Directions for this task: Would you reproduce the whole listing exactly, dropping any pictures it holds?

Supplied information:
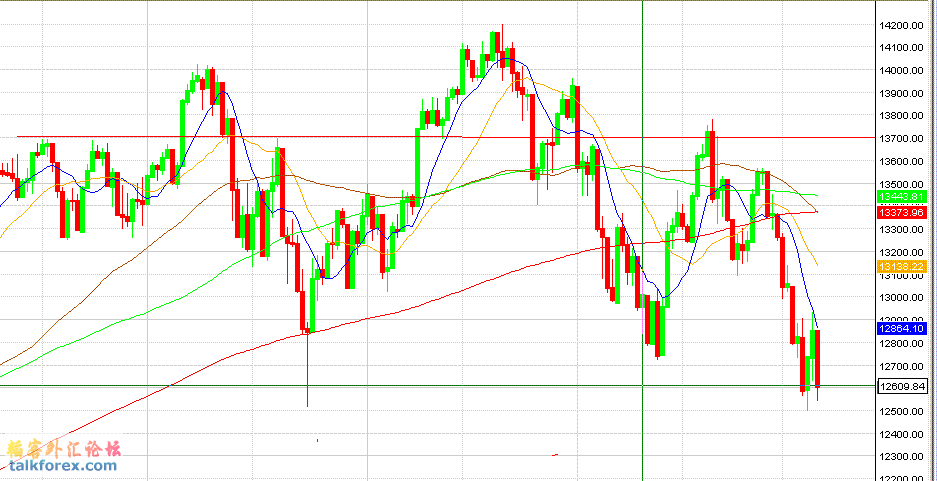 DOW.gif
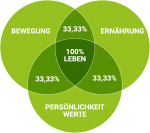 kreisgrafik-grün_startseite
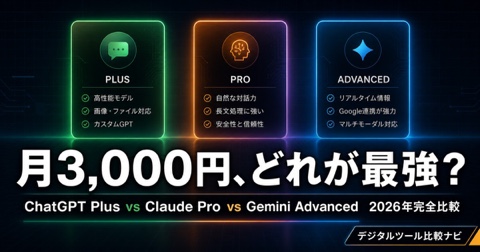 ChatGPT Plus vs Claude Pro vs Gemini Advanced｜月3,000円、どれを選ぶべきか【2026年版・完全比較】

Answer:
 DOW.gif
 kreisgrafik-grün_startseite
 ChatGPT Plus vs Claude Pro vs Gemini Advanced｜月3,000円、どれを選ぶべきか【2026年版・完全比較】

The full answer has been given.